- ENTRIES SUPPLIED:

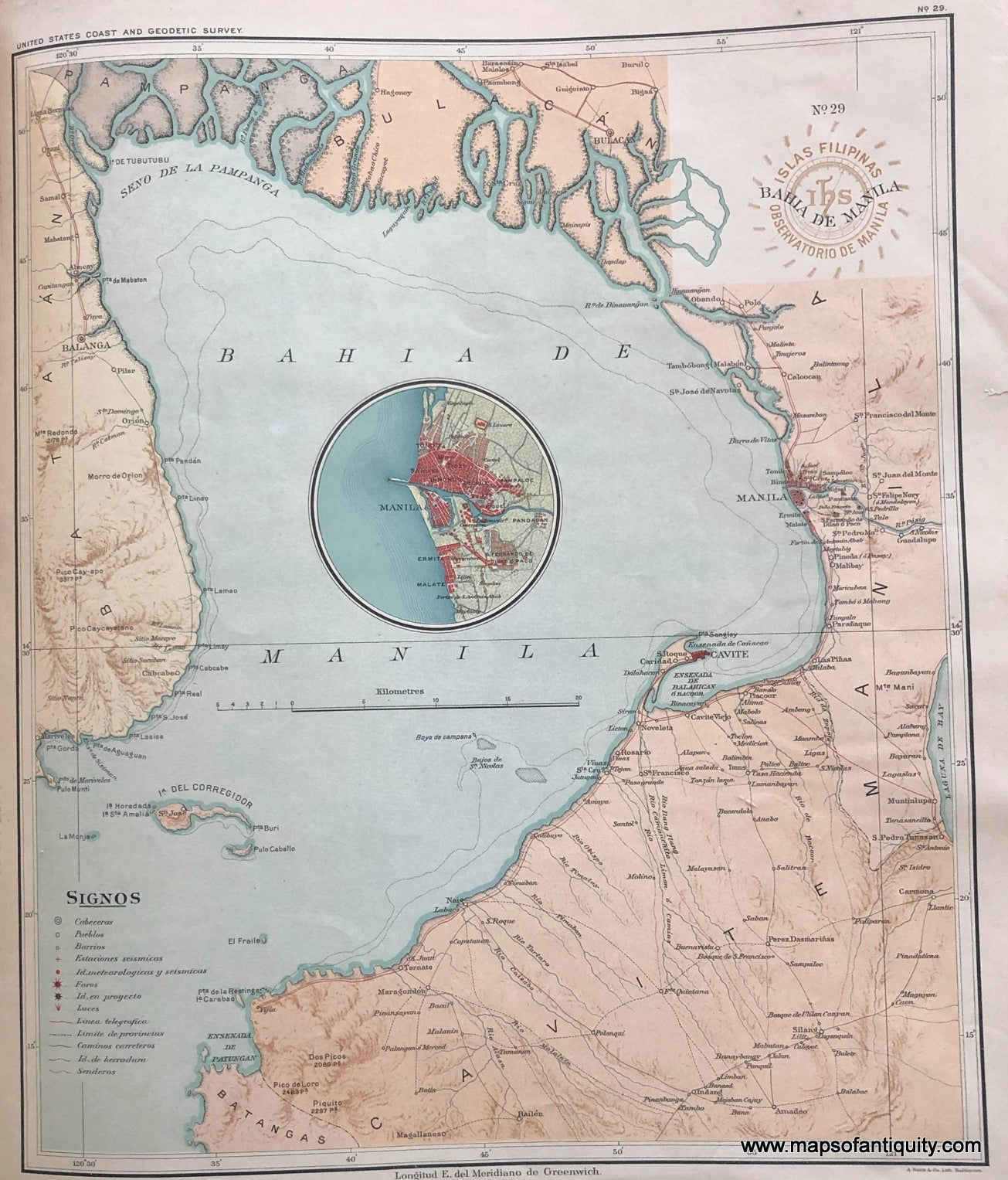 '-Bay-of-Manila-and-Manila-Philipines-Asia-Southeast-Asia-&-Indonesia-1899-P.-Jose-Algue/USC&GS-Maps-Of-Antiquity-1800s-19th-century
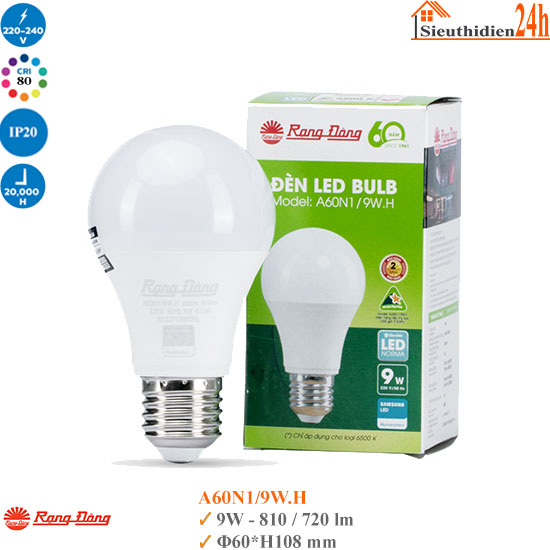 Bóng Đèn Led Rạng Đông A60N1/9W.H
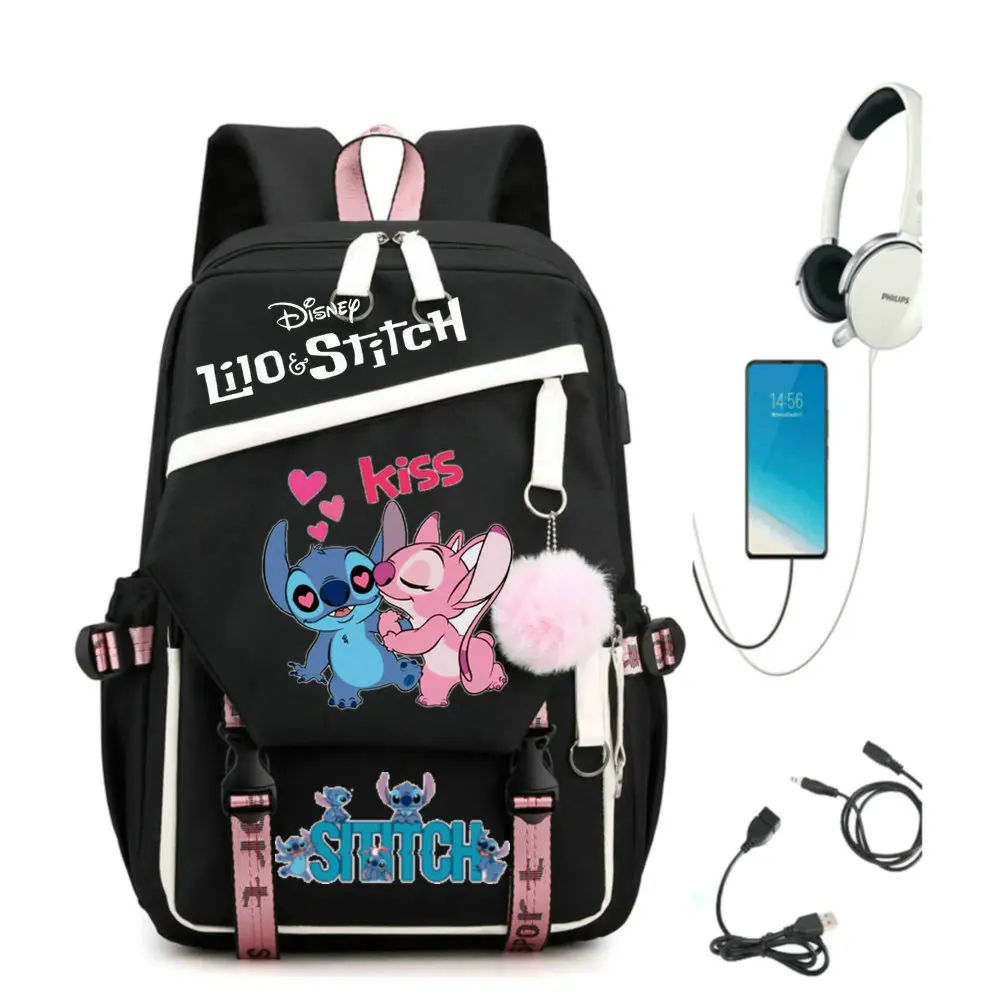 Lilo And Stitch Backpack Multi-pocket Women School Bags Quality Youth Waterproof Mochilas for Teens Girls Boys School Bag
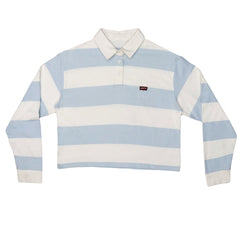 POLO WOMEN - SKYBLUE AND WHITE STRIPS CROPTOP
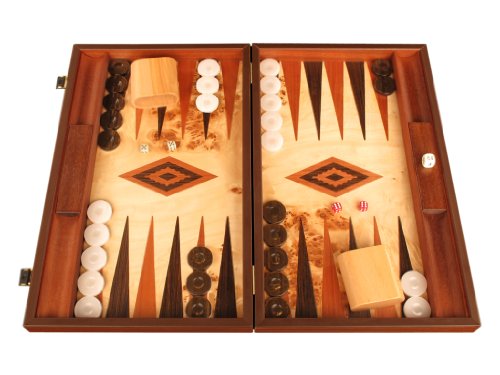 Manopoulos Lupo Wood Backgammon Set 18 3/4" Brown
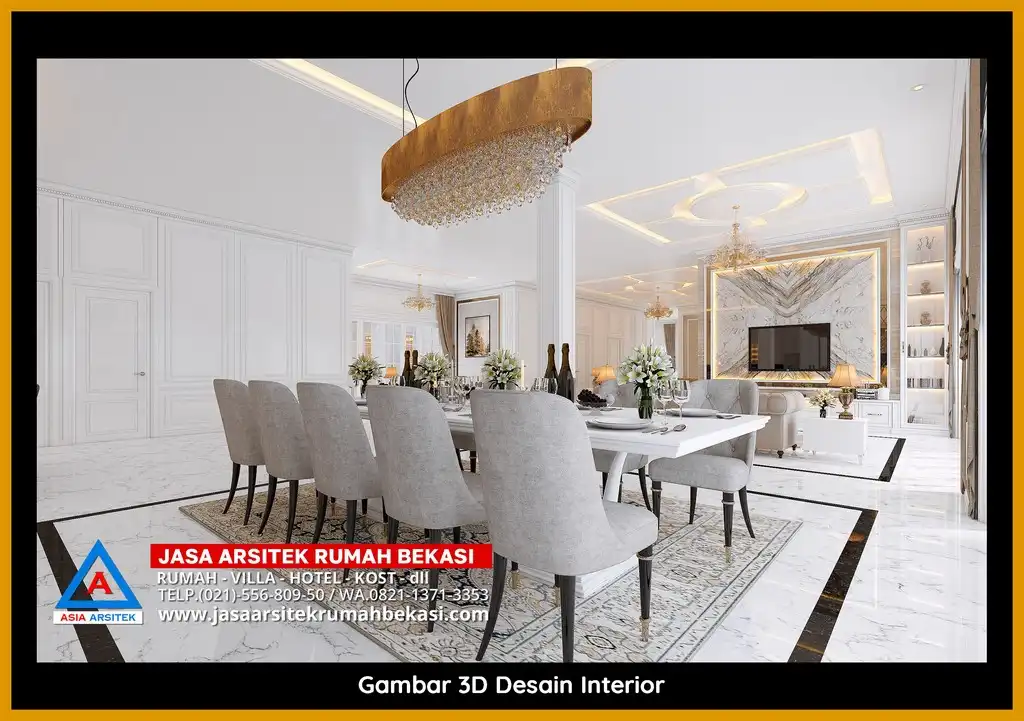 Jasa Arsitek Rumah 3D fasad rumah klasik mewah Gratis Di Bekasi Terbaik dengan pilar megah dan detail elegan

- WHAT TO DO: Keep every word of the data as it is when you write it out, but drop the pictures.

- EXERCISE ANSWER:
 '-Bay-of-Manila-and-Manila-Philipines-Asia-Southeast-Asia-&-Indonesia-1899-P.-Jose-Algue/USC&GS-Maps-Of-Antiquity-1800s-19th-century
 Bóng Đèn Led Rạng Đông A60N1/9W.H
 Lilo And Stitch Backpack Multi-pocket Women School Bags Quality Youth Waterproof Mochilas for Teens Girls Boys School Bag
 POLO WOMEN - SKYBLUE AND WHITE STRIPS CROPTOP
 Manopoulos Lupo Wood Backgammon Set 18 3/4" Brown
 Jasa Arsitek Rumah 3D fasad rumah klasik mewah Gratis Di Bekasi Terbaik dengan pilar megah dan detail elegan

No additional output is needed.